== What you have to do ==
Copy the records below, from the line containing "Book cover of: New" through the last line; leave out pictures.
====== Data for the task
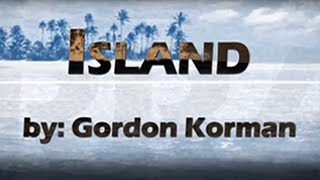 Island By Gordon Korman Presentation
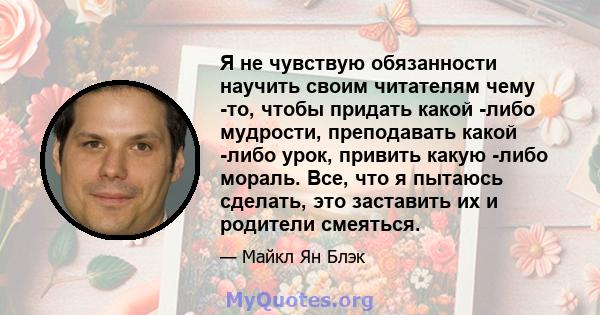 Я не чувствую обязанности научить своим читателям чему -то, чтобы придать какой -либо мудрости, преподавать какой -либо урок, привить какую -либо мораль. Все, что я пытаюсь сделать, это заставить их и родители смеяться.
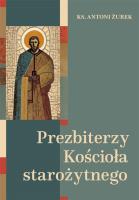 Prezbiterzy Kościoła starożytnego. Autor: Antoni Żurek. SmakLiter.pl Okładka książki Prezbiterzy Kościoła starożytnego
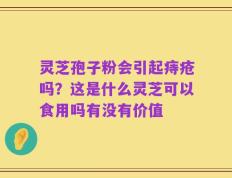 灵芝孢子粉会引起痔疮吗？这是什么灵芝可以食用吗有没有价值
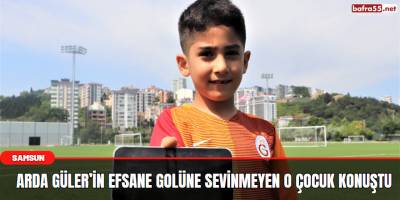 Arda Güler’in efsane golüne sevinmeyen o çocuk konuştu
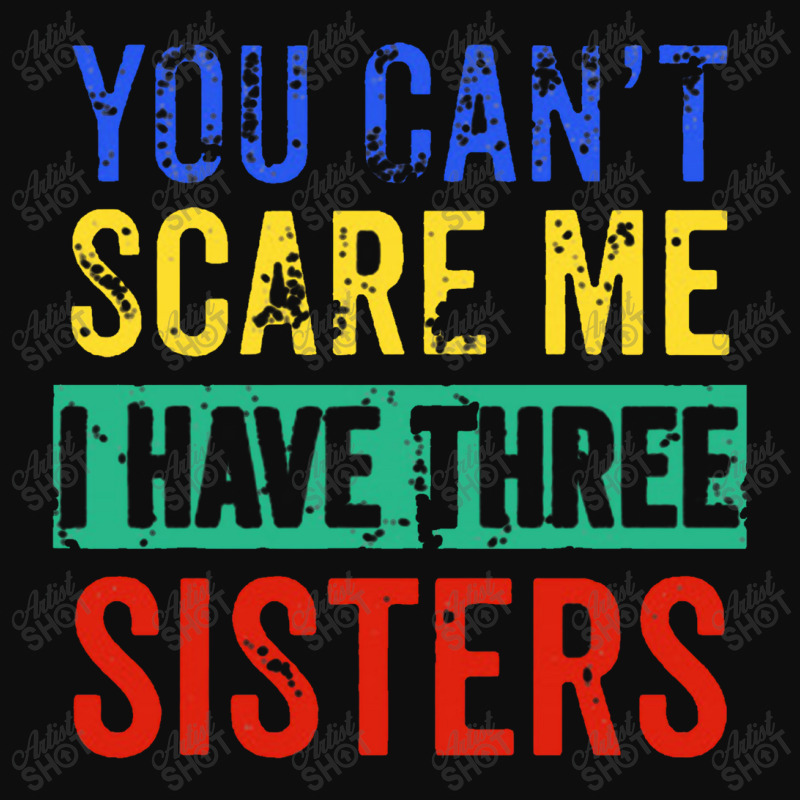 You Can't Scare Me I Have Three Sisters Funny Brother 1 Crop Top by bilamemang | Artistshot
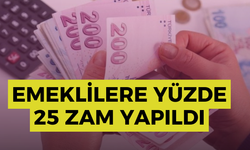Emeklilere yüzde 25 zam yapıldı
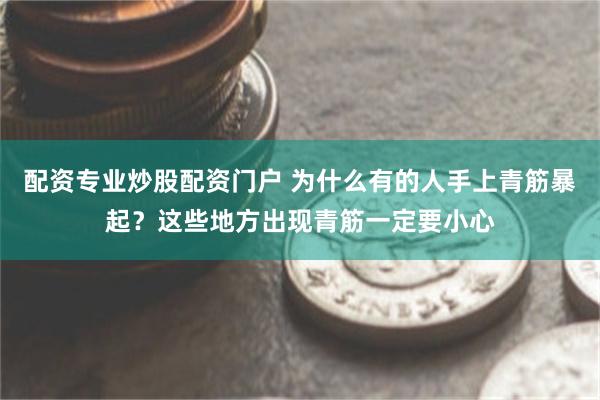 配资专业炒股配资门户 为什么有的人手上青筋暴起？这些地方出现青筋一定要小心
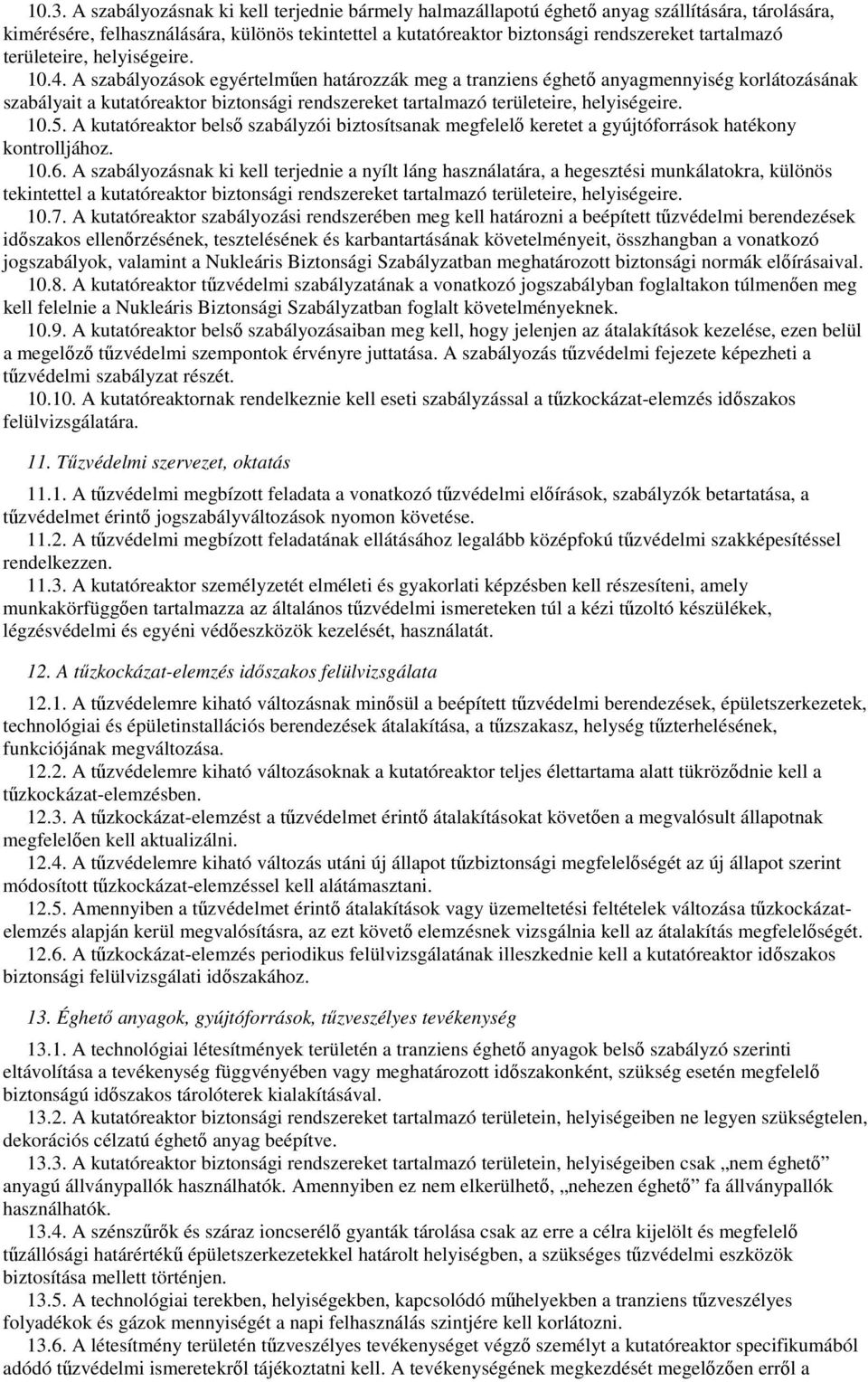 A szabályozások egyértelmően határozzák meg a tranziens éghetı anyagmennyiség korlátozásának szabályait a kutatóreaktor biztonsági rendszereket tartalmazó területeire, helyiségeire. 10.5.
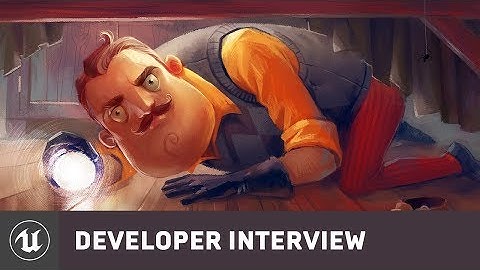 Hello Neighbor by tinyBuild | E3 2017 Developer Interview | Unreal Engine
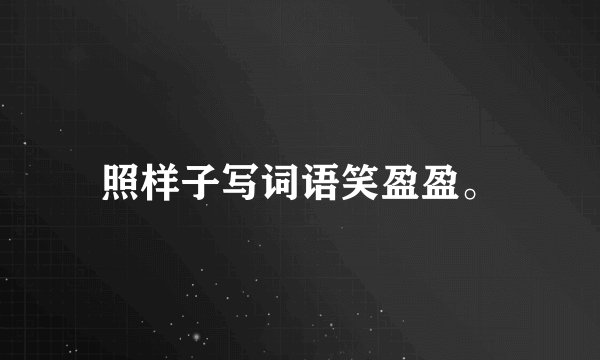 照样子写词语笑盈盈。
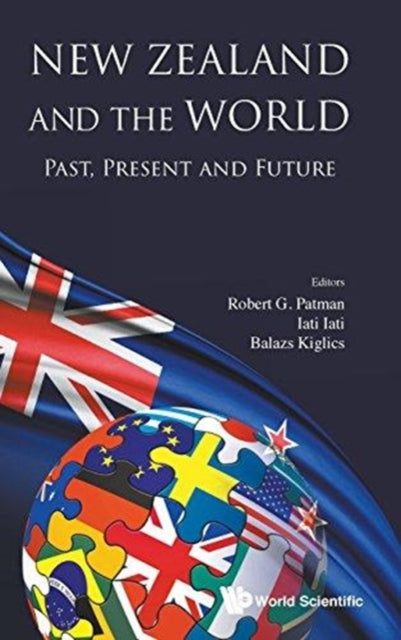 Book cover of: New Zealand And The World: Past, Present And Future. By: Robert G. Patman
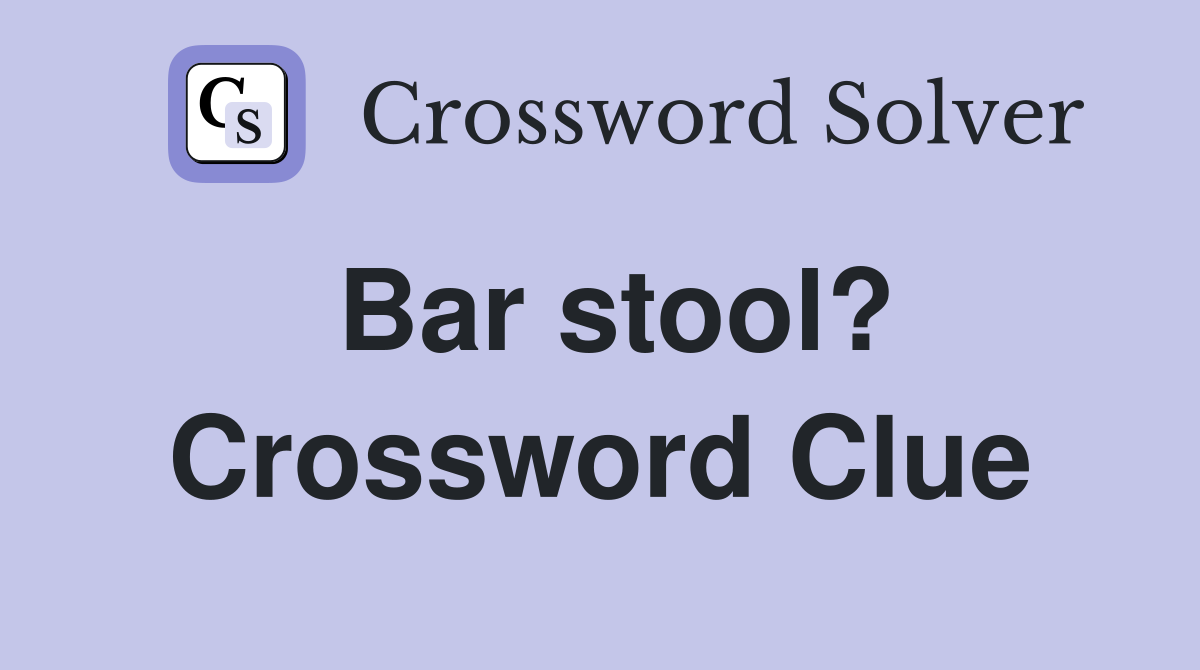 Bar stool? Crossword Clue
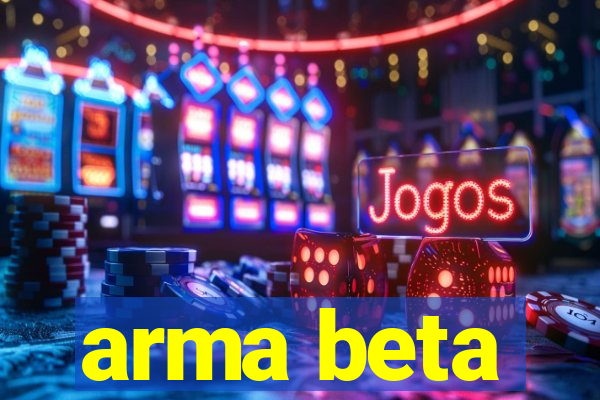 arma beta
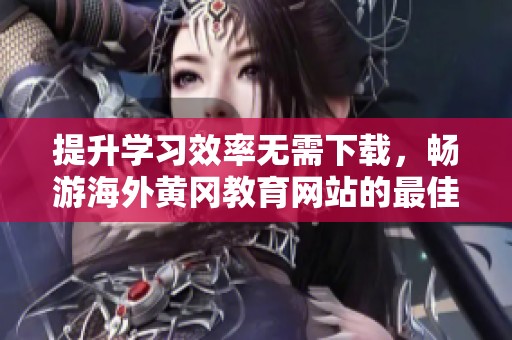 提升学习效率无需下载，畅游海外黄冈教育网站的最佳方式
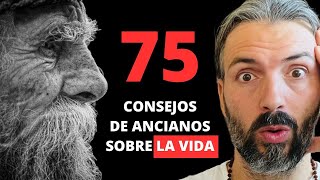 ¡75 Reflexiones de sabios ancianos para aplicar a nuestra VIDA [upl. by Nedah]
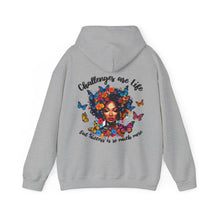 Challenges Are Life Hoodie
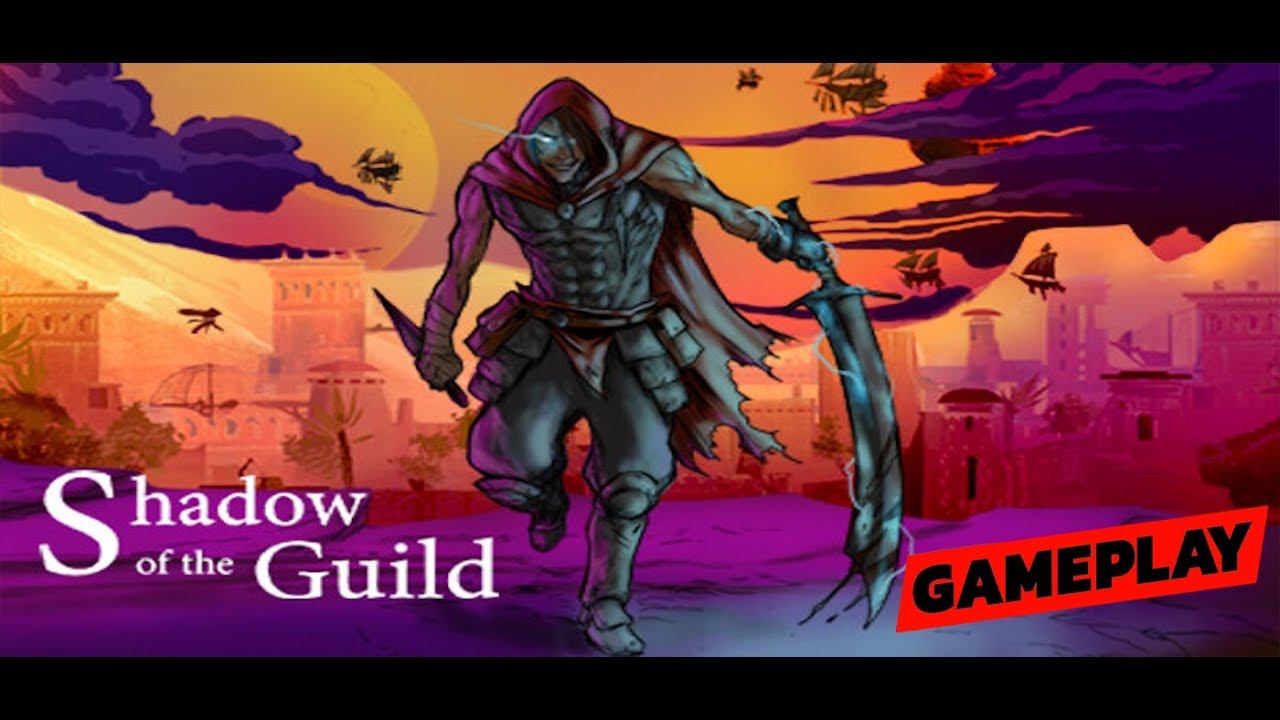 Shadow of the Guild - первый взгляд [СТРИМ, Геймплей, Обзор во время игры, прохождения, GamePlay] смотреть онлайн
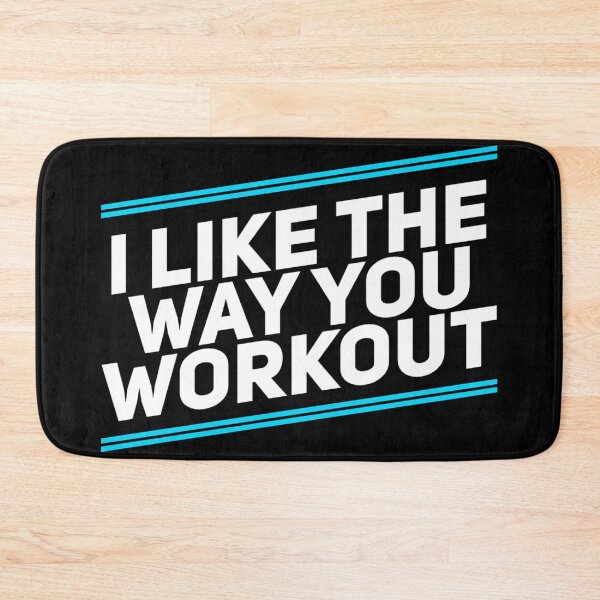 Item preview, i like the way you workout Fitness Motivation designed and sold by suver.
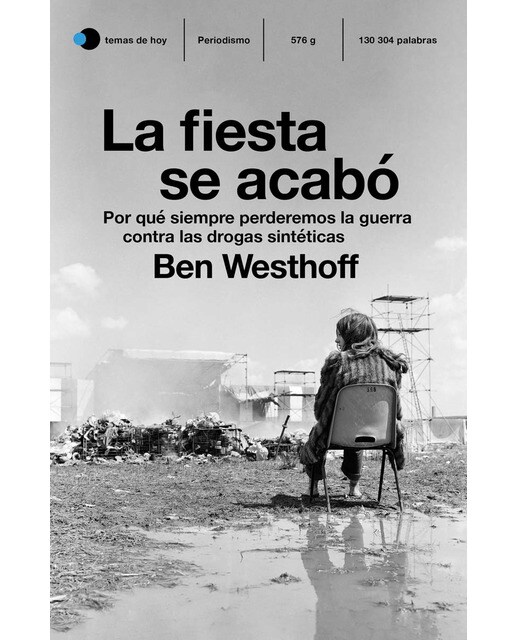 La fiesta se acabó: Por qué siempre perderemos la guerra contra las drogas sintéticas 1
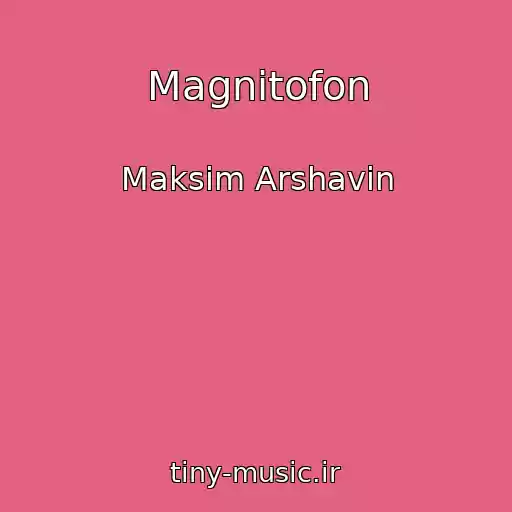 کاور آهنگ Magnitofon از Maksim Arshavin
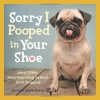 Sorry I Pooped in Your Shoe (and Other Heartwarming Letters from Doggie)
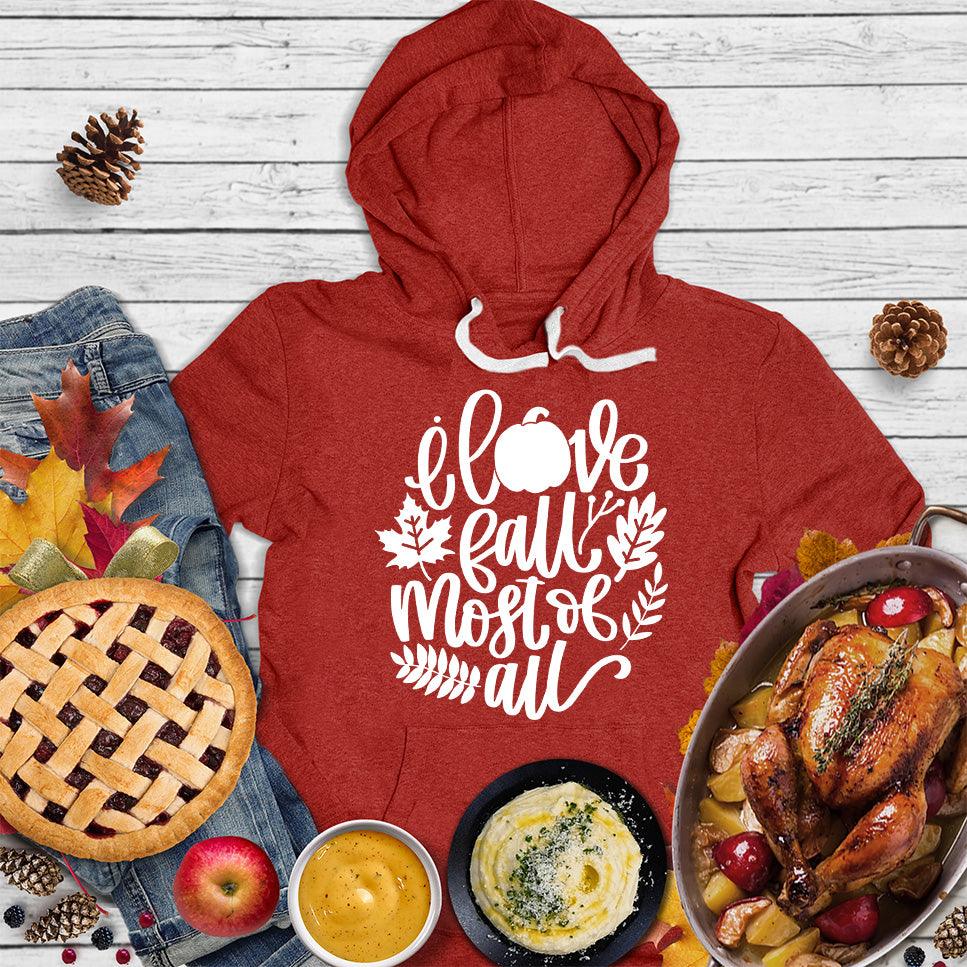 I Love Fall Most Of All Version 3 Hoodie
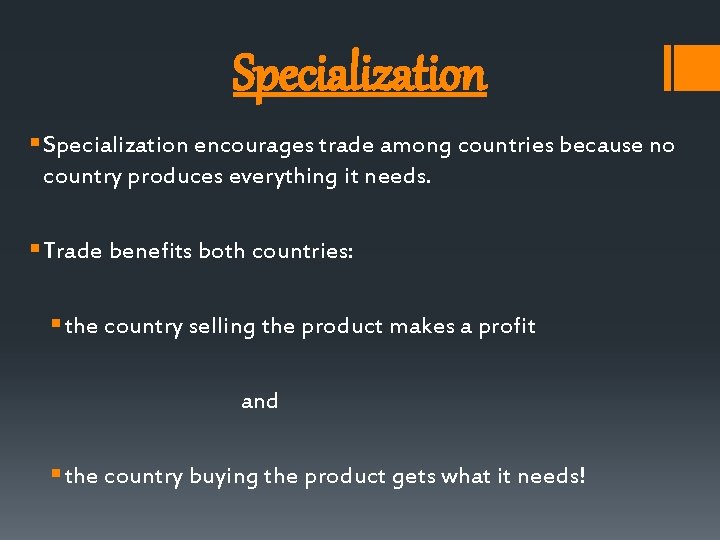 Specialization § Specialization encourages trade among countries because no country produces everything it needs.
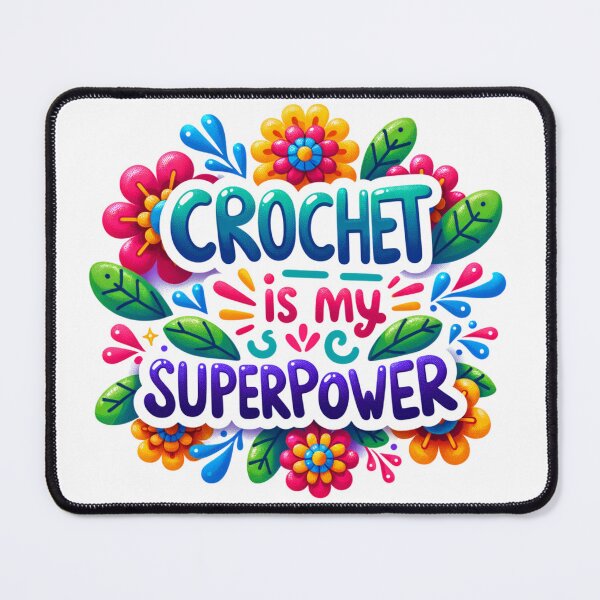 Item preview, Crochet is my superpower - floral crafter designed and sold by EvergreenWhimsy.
============
== Task answer ==
 Book cover of: New Zealand And The World: Past, Present And Future. By: Robert G. Patman
 Bar stool? Crossword Clue
 arma beta
 提升学习效率无需下载，畅游海外黄冈教育网站的最佳方式
 ¡75 Reflexiones de sabios ancianos para aplicar a nuestra VIDA [upl. by Nedah]
 Challenges Are Life Hoodie
 Shadow of the Guild - первый взгляд [СТРИМ, Геймплей, Обзор во время игры, прохождения, GamePlay] смотреть онлайн
 Item preview, i like the way you workout Fitness Motivation designed and sold by suver.
 La fiesta se acabó: Por qué siempre perderemos la guerra contra las drogas sintéticas 1
 کاور آهنگ Magnitofon از Maksim Arshavin
 Sorry I Pooped in Your Shoe (and Other Heartwarming Letters from Doggie)
 I Love Fall Most Of All Version 3 Hoodie
 Specialization § Specialization encourages trade among countries because no country produces everything it needs.
 Item preview, Crochet is my superpower - floral crafter designed and sold by EvergreenWhimsy.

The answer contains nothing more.